Task directions » Please give again, word for word, each line that falls between the line with "リラックス編み地ニット上下セット" and the end of the data, inclusive.

---

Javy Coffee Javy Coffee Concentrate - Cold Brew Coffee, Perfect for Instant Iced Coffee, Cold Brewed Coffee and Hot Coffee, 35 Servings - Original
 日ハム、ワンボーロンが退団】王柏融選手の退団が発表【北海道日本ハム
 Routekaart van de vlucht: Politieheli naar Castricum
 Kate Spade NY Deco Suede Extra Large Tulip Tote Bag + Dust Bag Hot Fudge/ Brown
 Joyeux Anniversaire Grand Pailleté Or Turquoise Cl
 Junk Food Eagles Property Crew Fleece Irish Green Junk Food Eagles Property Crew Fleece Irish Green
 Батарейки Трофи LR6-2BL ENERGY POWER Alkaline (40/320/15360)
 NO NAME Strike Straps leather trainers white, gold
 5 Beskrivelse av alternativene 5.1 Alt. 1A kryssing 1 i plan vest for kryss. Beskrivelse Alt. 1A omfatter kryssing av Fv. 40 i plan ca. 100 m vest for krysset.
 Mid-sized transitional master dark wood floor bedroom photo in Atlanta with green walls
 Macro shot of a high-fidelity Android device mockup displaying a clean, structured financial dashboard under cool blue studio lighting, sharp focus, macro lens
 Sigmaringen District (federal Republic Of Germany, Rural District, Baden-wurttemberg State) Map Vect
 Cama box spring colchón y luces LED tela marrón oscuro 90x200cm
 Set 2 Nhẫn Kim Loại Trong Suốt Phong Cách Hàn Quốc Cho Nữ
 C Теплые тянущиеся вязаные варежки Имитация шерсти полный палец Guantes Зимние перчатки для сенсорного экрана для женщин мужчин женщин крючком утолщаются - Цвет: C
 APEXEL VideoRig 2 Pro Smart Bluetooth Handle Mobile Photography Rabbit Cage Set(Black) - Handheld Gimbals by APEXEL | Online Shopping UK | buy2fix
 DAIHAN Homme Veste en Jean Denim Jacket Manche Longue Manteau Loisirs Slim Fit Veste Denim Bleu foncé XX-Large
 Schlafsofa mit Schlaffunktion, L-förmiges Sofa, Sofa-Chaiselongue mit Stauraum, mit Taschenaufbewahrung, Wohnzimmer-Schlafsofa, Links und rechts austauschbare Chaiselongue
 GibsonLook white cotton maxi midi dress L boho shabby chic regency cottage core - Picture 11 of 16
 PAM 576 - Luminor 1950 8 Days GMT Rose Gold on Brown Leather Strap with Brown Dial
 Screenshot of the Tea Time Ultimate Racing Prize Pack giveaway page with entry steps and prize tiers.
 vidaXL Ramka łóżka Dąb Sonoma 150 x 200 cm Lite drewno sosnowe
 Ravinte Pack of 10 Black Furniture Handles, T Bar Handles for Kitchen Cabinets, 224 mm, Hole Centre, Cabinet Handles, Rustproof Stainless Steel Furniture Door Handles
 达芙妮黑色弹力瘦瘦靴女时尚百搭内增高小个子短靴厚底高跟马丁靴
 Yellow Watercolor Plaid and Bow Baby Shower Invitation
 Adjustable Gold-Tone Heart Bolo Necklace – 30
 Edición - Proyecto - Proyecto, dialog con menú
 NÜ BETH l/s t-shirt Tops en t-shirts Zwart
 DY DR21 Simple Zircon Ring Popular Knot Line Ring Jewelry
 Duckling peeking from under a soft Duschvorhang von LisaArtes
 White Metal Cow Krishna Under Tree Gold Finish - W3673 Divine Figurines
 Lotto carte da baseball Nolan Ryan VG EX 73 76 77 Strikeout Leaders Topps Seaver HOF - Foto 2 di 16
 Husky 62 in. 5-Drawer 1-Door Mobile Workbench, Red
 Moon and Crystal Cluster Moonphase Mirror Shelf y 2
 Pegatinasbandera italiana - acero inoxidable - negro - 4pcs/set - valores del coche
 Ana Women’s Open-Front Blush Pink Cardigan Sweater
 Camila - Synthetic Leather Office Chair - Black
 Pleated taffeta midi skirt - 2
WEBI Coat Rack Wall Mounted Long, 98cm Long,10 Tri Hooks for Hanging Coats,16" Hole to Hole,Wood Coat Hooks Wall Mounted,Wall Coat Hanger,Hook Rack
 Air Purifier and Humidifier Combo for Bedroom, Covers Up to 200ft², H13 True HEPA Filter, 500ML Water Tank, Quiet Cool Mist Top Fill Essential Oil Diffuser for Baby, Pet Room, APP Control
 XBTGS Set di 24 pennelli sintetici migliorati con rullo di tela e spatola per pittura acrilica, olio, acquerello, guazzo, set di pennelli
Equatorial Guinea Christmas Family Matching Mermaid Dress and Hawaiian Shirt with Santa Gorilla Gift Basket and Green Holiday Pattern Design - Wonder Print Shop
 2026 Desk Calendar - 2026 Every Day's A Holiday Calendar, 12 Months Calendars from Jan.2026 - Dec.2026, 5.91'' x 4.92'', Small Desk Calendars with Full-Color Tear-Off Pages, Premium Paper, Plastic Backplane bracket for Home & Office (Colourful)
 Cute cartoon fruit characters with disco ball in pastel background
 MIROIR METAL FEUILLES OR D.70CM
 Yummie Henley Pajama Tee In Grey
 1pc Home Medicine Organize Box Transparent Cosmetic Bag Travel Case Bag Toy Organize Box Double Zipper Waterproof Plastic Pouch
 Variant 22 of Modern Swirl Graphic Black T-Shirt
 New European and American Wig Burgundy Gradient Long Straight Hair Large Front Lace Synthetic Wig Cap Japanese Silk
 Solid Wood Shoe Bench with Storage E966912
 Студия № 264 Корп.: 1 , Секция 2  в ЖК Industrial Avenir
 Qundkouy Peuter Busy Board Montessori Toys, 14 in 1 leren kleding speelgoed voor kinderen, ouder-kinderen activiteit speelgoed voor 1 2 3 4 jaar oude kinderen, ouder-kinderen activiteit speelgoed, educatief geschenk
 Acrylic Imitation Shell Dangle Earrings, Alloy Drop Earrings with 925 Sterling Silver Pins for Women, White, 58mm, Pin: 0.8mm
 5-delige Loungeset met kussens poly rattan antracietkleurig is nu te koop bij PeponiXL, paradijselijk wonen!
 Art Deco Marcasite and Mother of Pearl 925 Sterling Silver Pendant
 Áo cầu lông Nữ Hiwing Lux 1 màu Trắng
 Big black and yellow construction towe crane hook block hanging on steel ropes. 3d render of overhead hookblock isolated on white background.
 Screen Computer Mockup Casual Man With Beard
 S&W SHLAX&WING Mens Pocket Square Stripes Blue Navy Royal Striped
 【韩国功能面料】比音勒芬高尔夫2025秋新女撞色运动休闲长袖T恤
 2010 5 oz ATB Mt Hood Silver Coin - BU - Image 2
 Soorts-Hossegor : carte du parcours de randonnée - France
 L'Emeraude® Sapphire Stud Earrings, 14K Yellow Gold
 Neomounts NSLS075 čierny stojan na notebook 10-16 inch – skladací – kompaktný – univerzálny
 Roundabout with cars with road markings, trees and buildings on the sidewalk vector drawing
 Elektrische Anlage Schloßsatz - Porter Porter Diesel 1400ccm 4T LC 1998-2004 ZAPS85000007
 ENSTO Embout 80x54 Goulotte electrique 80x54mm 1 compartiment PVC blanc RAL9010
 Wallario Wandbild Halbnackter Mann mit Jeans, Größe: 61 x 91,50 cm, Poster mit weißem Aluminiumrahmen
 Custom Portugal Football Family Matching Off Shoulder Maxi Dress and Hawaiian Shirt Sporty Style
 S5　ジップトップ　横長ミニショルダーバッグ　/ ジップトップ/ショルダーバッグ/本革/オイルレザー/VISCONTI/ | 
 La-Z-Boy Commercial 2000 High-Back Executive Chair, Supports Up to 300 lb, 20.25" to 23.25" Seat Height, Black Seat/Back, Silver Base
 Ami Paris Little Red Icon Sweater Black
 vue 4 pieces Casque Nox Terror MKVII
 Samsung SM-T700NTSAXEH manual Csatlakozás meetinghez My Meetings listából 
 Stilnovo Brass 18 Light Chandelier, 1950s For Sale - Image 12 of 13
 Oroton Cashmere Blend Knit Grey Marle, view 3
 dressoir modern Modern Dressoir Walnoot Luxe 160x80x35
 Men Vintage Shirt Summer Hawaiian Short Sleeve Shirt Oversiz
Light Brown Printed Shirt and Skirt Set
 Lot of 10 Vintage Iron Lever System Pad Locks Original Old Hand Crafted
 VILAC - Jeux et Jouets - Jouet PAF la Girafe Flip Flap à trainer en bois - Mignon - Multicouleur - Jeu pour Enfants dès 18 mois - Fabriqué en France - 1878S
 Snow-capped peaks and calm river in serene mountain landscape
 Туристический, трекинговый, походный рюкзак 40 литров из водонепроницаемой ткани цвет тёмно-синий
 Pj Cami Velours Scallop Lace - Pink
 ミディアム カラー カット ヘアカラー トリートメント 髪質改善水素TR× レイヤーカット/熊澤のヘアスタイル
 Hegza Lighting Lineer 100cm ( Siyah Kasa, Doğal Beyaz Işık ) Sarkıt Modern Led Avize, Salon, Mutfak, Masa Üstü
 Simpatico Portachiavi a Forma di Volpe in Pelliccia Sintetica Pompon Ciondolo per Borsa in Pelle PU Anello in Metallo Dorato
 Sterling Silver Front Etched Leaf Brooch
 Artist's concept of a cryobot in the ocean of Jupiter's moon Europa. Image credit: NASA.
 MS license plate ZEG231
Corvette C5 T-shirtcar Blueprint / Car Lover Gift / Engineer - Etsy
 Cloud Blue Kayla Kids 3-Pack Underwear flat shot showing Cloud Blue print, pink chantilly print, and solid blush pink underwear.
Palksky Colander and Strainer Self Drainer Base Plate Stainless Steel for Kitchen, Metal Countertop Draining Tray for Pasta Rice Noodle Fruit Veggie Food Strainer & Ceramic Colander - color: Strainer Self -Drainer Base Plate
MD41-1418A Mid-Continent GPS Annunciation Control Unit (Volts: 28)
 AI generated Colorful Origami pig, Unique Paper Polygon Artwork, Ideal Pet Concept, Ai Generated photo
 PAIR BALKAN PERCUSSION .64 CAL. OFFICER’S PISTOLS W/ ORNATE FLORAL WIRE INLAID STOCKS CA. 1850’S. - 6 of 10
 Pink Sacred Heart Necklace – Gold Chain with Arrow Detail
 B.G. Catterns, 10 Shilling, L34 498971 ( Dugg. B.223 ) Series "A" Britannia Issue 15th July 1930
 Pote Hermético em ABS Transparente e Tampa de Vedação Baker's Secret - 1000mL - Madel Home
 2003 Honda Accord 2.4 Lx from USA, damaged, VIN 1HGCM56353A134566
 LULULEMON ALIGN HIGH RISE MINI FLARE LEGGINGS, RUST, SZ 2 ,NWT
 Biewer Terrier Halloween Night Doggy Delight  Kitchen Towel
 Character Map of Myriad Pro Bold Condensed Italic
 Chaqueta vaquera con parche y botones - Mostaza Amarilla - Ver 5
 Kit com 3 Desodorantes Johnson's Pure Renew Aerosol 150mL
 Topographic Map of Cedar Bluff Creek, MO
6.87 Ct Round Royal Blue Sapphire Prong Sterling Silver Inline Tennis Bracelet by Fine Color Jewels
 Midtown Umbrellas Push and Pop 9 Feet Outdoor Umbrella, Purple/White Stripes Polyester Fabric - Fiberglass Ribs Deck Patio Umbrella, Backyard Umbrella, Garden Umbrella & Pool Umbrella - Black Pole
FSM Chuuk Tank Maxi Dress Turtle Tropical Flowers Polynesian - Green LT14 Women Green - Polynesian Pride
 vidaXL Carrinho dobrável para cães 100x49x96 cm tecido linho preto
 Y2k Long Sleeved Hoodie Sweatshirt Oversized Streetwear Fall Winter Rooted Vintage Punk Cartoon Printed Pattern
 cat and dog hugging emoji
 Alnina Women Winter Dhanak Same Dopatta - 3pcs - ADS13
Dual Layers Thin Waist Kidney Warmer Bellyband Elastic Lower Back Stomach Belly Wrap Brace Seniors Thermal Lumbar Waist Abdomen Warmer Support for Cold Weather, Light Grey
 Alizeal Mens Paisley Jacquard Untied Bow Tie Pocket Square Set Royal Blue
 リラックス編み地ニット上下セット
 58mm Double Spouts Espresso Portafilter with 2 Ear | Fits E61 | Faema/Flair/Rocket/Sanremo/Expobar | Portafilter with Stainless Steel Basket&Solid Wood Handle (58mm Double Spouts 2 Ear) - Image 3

---

Reply »
 リラックス編み地ニット上下セット
 58mm Double Spouts Espresso Portafilter with 2 Ear | Fits E61 | Faema/Flair/Rocket/Sanremo/Expobar | Portafilter with Stainless Steel Basket&Solid Wood Handle (58mm Double Spouts 2 Ear) - Image 3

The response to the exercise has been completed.